What to do when ANTLR breaks your inner rules

Three or four times now, I’ve written one parser rule, test-first, and gotten everything working; and then used that rule from another rule, and watched the original tests all fail. For example:

parameter:
  parameter_style
  ident_list
  (COLON parameter_type)?
  (EQUAL expression)?;

Worked great. It would match A: Integer, it would match const Foo, it would match A, B: array of const. Passed all the tests I could throw at it.

Then I added a rule that used it:

formal_parameters:
  OPEN_PAREN
  (p:parameter)?
  CLOSE_PAREN;

(This new rule isn’t finished yet. Yes, it will accept multiple parameters by the time it’s done.)

As soon as I defined the formal_parameters rule in my grammar, my parameter tests started failing with errors like this:

antlr.NoViableAltException: unexpected token: ["",<1>,line=1,col=17]

I did some digging and some diffing, and found the problem. To take one particular example, the test was trying to parse var Foo: Integer. var matched parameter_style; Foo matched ident_list; and the colon and Integer matched COLON parameter_type. Then it tried to look for EQUAL expression, and it broke.

It was looking at the next token in the input and deciding what to do. If the next token was EQUAL, then it would take the optional EQUAL expression branch. If the next token was something that could validly come after the parameter rule (which it figured out by looking at every other rule in the grammar that could possibly use parameter), then it would skip the optional branch and return. And if neither of those cases held — if the next token was neither EQUAL nor a token that could possibly come after a parameter — then it would throw a NoViableAltException.

The problem was, somehow ANTLR got confused, and forgot that EOF was one of those somethings that could validly come after the parameter rule. After all, you might call the parameter rule all on its own, and it’s perfectly legit for it to match everything in the input stream.

ANTLR gets confused this way, every now and then. Most likely some bug in its “look at every other rule in the grammar that could possibly use parameter” logic. Fortunately, I don’t expect to use the parameter rule on its own, except in tests; it’ll always be part of some larger construct that does still work.
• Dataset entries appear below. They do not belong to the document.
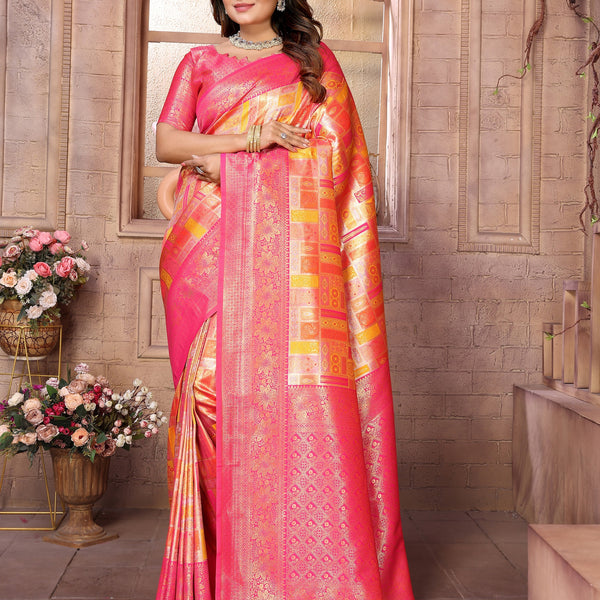 Vedant Vastram Soft Litchi Silk Kanjeevaram Silk Saree - Mustard - Distacart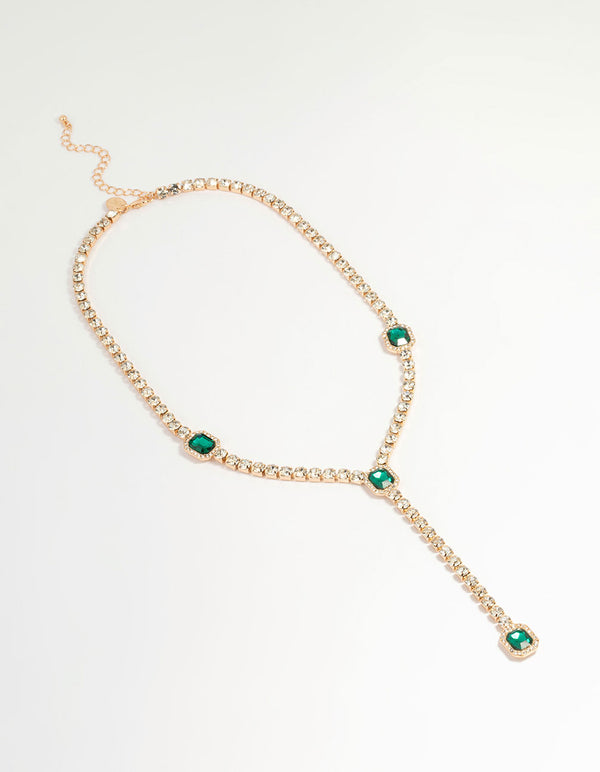 Gold Green Diamante Cupchain Y-Necklace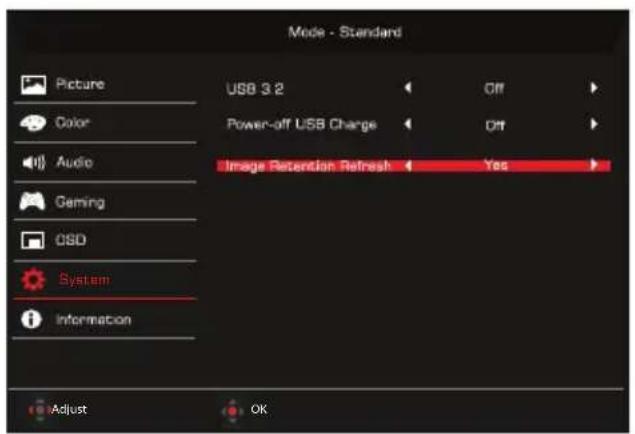 ACER X27UF - Actualisation de la rétention d'image - 2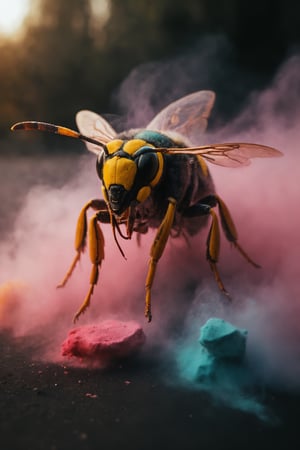violent chalk explosion, holographic colorful floating in space, cinematic close-up portrait of a wasp (made out of chalk:1.3) during dusk in the autumn, dark and gritty fantasy film heavy chalk smoke, cinematic lighting
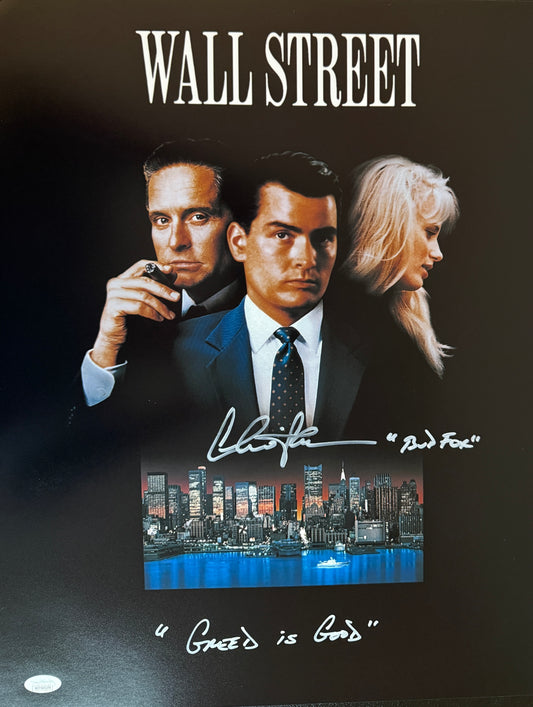 Charlie Sheen signed 16x20 "Greed is Good" inscription Wall Street Movie Poster JSA Witnessed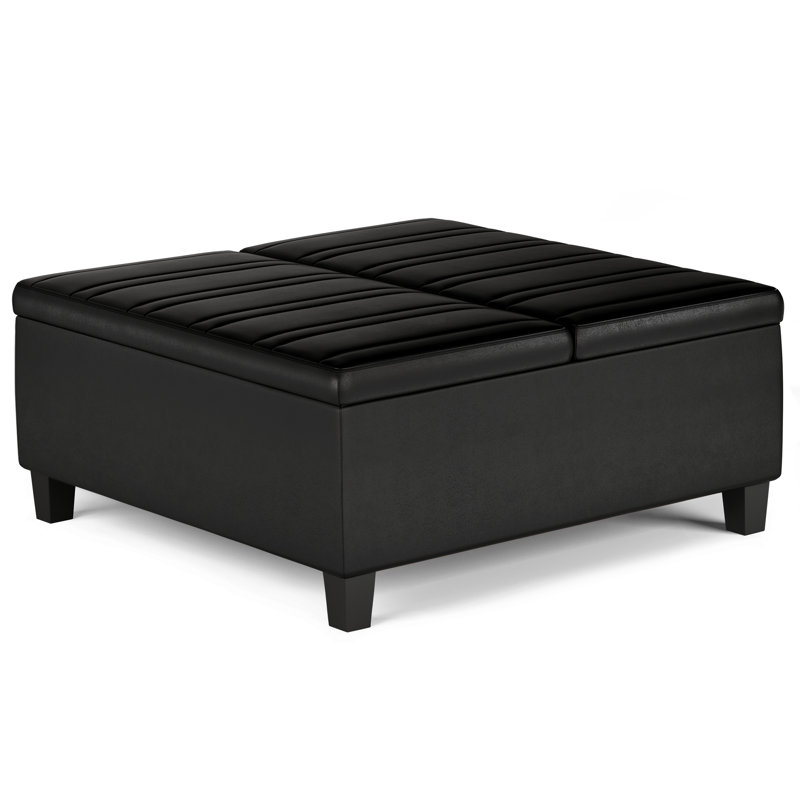 Ellis 36"W Upholstered Vegan Leather Modern Square Coffee Table Storage Ottoman with Split Lift-Top, Black Faux Leather
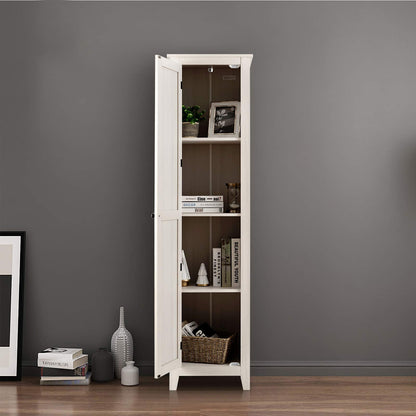 Goflame Tall Storage Cabinet Freestanding Floor Storage Tower with Four Shelves and Single Door
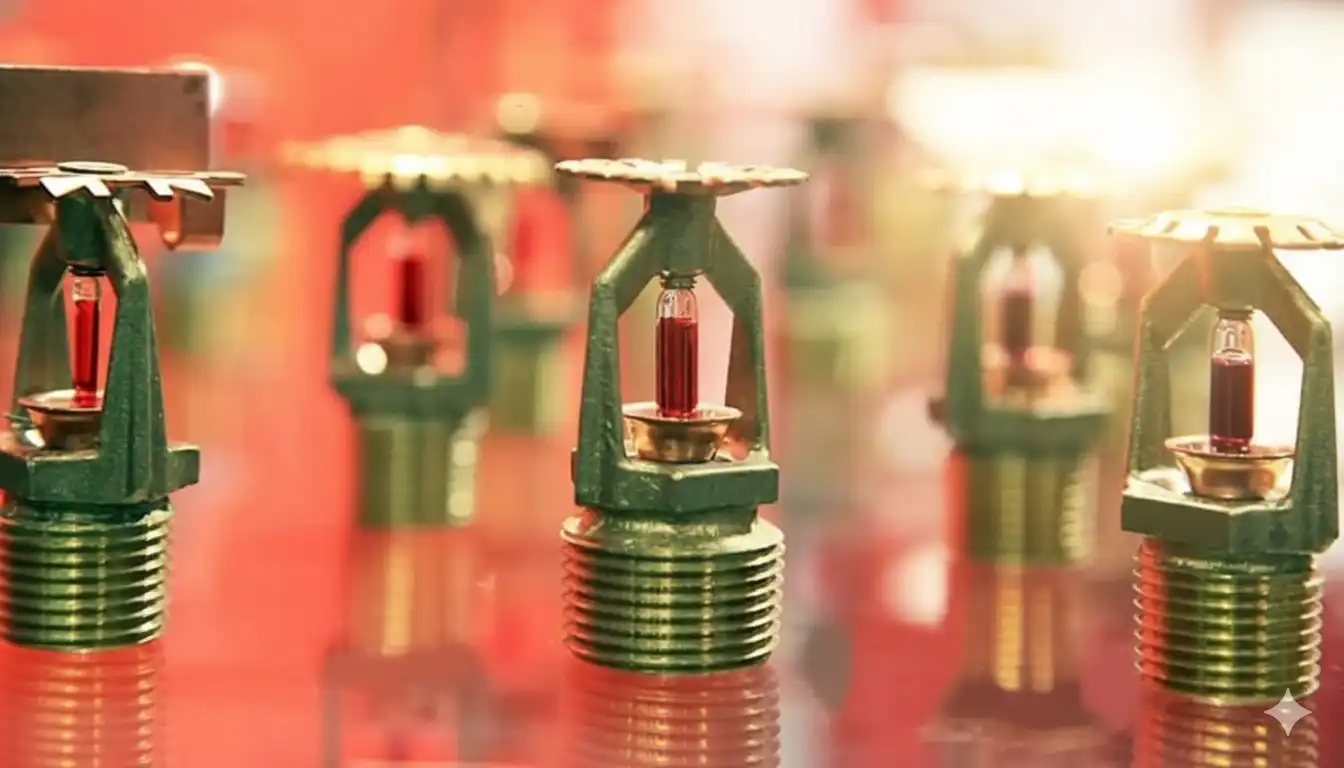 sprinkler system heads lined up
So I used to just shrug helplessly, and move my parameter unit tests onto formal_parameters. Made the tests messier, because now they were testing two levels deep, but I got adequate coverage.

This latest time, though, a light bulb went off: I could easily force ANTLR to recognize EOF as something that can come after the parameter rule. I wrote another rule, like so, and with no other changes, magically my tests started passing:

parameter_with_eof:
  parameter EOF;

I don’t even need to use this new rule, in my tests or anywhere else. But it gives ANTLR a clue-by-four that yes, EOF can come after parameter. So everywhere I use parameter, it recognizes EOF as a valid signal to skip the optional bits. And everything starts working again.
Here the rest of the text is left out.